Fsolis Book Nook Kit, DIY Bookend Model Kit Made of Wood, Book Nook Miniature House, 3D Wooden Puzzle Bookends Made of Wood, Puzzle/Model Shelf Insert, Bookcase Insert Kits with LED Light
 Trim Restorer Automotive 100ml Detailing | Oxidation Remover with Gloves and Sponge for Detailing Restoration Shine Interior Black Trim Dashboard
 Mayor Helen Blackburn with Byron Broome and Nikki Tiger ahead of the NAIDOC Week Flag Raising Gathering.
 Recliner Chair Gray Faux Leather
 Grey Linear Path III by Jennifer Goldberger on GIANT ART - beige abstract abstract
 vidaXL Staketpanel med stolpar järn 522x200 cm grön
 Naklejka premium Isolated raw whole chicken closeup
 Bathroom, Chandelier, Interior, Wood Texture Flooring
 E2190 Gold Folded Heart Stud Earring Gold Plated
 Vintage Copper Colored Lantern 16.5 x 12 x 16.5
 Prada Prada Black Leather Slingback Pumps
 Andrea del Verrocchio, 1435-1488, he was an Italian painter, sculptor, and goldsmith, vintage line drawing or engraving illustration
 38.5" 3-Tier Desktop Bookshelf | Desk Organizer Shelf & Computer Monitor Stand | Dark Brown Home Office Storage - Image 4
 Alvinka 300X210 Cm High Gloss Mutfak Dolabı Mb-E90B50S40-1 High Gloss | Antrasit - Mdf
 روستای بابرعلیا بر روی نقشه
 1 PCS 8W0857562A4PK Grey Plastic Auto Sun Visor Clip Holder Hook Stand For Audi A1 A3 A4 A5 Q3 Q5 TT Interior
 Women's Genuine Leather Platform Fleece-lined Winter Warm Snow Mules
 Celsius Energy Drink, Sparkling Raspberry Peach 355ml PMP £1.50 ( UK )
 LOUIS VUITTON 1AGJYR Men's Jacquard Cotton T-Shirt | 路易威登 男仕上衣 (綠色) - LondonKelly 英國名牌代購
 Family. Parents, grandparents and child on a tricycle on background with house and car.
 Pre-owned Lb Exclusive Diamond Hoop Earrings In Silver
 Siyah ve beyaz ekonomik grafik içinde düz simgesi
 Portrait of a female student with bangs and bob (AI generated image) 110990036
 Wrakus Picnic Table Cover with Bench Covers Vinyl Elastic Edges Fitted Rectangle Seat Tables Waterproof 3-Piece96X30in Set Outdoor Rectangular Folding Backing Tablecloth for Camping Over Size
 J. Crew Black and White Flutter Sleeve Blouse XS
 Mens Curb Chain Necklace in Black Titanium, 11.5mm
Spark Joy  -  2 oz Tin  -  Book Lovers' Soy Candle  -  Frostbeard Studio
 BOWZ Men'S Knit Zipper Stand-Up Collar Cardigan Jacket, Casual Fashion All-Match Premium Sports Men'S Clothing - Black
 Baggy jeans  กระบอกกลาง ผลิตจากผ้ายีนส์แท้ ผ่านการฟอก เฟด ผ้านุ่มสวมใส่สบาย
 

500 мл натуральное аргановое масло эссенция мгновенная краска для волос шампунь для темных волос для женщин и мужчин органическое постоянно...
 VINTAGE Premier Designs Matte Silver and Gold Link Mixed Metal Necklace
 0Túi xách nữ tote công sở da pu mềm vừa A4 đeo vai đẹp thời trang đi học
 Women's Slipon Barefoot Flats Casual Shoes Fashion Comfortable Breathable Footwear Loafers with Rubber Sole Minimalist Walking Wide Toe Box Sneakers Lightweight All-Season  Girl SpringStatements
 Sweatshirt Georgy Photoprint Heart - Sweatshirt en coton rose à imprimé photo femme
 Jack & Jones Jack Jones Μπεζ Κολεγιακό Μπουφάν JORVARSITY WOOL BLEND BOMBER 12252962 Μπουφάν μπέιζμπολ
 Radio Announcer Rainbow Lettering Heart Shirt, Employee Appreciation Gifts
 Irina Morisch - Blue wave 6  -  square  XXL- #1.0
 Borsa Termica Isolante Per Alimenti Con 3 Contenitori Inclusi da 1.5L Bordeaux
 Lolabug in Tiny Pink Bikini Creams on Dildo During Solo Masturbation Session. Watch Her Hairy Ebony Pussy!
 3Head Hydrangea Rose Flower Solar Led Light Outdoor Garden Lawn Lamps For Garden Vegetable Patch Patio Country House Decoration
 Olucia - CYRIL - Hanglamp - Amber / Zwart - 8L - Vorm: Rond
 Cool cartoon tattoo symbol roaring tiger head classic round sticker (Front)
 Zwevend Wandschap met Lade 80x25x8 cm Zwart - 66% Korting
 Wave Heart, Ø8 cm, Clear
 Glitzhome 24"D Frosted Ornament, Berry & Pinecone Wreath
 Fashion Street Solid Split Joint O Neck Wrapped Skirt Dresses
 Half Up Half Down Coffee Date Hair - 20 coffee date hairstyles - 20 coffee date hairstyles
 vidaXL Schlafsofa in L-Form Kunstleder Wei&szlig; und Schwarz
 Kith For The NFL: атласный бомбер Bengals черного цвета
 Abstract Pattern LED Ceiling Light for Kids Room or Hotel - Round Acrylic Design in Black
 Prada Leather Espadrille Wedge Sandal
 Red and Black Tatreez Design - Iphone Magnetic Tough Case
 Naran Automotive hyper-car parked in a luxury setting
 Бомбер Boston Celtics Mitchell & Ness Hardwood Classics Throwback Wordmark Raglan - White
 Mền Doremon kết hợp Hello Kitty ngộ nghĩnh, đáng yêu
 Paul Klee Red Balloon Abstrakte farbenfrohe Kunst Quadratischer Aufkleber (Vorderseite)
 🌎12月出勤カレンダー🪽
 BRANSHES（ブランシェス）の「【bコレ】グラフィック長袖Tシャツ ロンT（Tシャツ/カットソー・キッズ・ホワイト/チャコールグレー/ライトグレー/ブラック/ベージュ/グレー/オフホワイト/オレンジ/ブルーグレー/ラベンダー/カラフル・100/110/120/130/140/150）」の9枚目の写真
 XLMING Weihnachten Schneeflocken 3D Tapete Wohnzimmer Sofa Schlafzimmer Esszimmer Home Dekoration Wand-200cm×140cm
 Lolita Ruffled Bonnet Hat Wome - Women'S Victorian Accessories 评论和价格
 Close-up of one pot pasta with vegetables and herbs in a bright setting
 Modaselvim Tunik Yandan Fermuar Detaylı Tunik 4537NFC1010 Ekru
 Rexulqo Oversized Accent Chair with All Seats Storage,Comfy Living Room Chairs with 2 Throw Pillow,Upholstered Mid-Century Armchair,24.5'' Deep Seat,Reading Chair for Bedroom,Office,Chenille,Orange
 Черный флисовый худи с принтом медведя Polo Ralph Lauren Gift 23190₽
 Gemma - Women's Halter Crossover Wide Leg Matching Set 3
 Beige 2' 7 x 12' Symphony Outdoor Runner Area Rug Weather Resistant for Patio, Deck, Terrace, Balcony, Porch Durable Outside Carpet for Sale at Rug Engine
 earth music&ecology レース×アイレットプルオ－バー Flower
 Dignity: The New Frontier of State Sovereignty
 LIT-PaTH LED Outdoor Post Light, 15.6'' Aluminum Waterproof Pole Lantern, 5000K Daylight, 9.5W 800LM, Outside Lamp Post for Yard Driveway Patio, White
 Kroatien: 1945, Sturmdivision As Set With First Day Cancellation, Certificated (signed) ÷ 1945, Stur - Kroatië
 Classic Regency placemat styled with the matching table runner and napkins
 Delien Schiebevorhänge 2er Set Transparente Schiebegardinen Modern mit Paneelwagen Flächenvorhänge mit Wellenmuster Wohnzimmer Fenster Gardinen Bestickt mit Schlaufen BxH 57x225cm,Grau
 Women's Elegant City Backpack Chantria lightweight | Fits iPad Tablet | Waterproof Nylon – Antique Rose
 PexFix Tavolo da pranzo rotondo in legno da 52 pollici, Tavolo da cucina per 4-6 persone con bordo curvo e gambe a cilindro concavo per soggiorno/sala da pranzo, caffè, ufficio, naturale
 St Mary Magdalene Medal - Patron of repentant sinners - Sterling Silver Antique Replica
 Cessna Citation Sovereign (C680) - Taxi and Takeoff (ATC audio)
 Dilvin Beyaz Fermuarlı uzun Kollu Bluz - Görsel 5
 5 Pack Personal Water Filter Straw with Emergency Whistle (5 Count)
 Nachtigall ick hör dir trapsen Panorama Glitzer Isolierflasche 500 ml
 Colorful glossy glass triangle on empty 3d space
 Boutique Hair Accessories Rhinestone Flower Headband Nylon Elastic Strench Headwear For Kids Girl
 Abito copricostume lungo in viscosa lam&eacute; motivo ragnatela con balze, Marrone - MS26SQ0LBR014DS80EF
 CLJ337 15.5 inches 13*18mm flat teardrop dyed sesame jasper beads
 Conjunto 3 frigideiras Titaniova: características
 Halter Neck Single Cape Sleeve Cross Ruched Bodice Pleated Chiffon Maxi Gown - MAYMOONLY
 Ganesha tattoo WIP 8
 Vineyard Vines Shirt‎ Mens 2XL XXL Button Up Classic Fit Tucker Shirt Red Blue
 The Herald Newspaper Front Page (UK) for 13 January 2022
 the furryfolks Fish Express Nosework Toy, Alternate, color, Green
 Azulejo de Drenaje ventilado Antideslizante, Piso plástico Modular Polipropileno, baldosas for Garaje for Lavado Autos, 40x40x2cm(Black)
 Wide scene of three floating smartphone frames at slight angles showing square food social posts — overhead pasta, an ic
━━━━━━
▶ INSTRUCTIONS TO FOLLOW
Sift the data above for lines with "Patio", then copy each one.

▶ EXERCISE SOLUTION
 3Head Hydrangea Rose Flower Solar Led Light Outdoor Garden Lawn Lamps For Garden Vegetable Patch Patio Country House Decoration
 Beige 2' 7 x 12' Symphony Outdoor Runner Area Rug Weather Resistant for Patio, Deck, Terrace, Balcony, Porch Durable Outside Carpet for Sale at Rug Engine
 LIT-PaTH LED Outdoor Post Light, 15.6'' Aluminum Waterproof Pole Lantern, 5000K Daylight, 9.5W 800LM, Outside Lamp Post for Yard Driveway Patio, White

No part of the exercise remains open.